The judge went on to rule in favour of granting Dasuki's application to travel out of the country for medical check-up. The Department of State Security (DSS) however seem to disagree with the judge's ruling since on the heels of the judge's directive that Dasuki's passport should be returned to him and he should be allowed to travel as requested, DSS officials relocated part of their office to Dasuki's neighbourhood and effectively put him under some form of house arrest.

The DSS claimed in justification of their seeming disobedience of the Court Order, that Dasuki had been invited to answer some questions before a panel on some other charges and he had refused or failed to honour the invitation. In their opinion, since the charges because of which they decided to set up camp around Dasuki's house did not relate to the ones already in Court, they were not flouting any Court Order.

It would be recalled that before Dasuki was arrested and arraigned on the illegal possession of firearms charge, there was also some sort of siege on his house by the DSS.

One of the complaints some people including yours truly, had against the immediate past government at the centre in Nigeria was the level of impunity and the geometric, if not astronomic rate at which it was growing. It is my opinion then that this government has to be extremely careful about the actions of its agencies and the messages those actions send both to those of us casual(?!) observers and to the global community.

First off, I'm not sure what information Dasuki put before the judge which prompted the judge to exercise his discretion in favour of allowing Dasuki to travel out of the country. For instance, is the medical reason so grave that Dasuki cannot receive adequate attention/treatment in any of the hospitals in the country?

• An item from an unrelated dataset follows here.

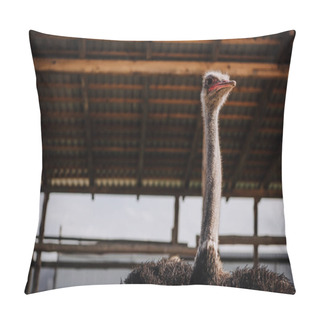 Personality  Low Angle View Of Ostrich Standing Against Ceiling Of Corral At Zoo Pillow Covers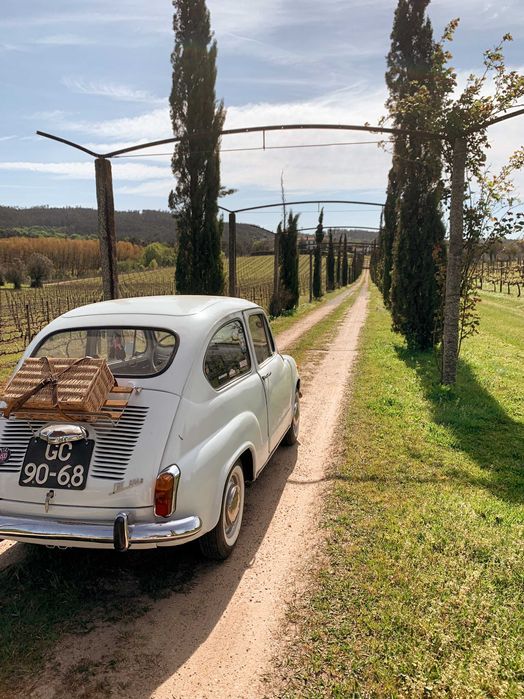 Fiat 600 D Clássico de 1972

It will also be important to know what information the prosecutors who opposed Dasuki's application to be allowed to travel out of the country put before the Court which the judge apparently did not consider weighty enough to warrant a refusal of Dasuki's prayer/request. It would for instance be pertinent whether the prosecution informed the Court that Dasuki is a flight risk especially considering the fact that he may already be aware of weightier charges coming against him.


The above questions are important because those of us who do not have all the information may make the mistake of condemning the judge while not realising that perhaps the fault in a Court's decision may lie with the prosecution. It is fairly common knowledge that prosecutions of high profile cases in this country are largely compromised at both the investigative level and in their actual prosecution in Court. This is not to completely absolve some judges of misdeeds however.

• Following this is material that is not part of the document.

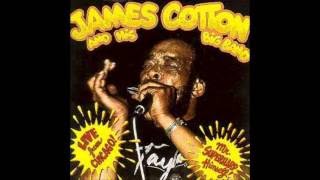 James Cotton      ~     ''Tramp'' & ''Mean Old World''  Live 1967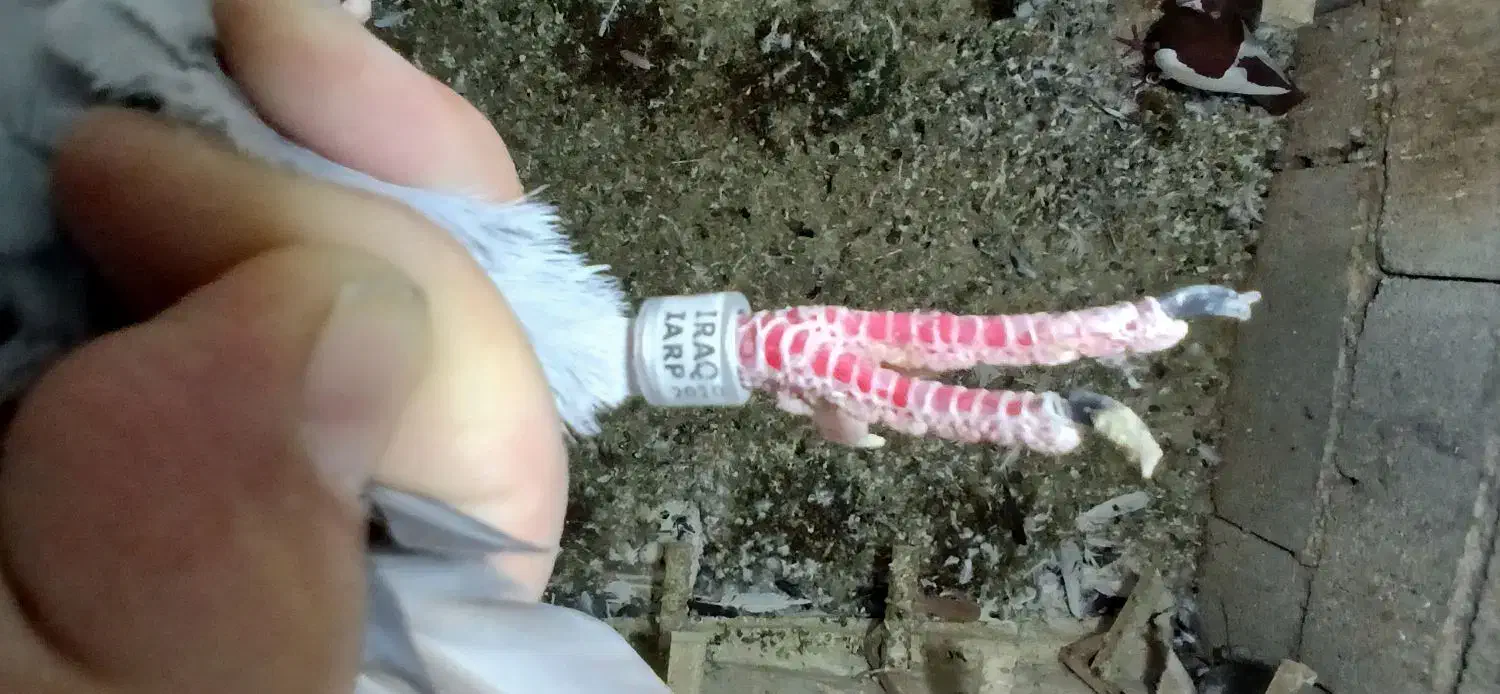 نر دوری|پرنده|دزفول, |دیوار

Assuming that in spite of whatever relevant and important information that the prosecution might have put before the Court, the Court nevertheless wrongly ruled in favour of Dasuki's travel abroad, I believe that the DSS, having conducted their investigations and gathered sufficient evidence against Dasuki should just have gone ahead to arrest him on the new charges. The siege tactic first employed by the NDLEA against Buruji Kashamu and now employed repeatedly by the DSS in which not just Dasuki, but other people in his neighbourhood are terrorised is in my opinion, not the best way to go.

This government has to let its agencies imbibe the culture of doing things the right way. If we make exceptions for particular persons perhaps because of the supposed gravity of the offence committed by those persons, we might in future have the problem of the exceptions being used for the wrong reasons against innocent people.

The DSS should stop the siege tactic and make arrests where they have sufficient information and evidence to prefer charges against those who violate the Law. Where government and its agencies give the impression that they can determine when the rule of law should prevail, we may all have to pay dearly for it.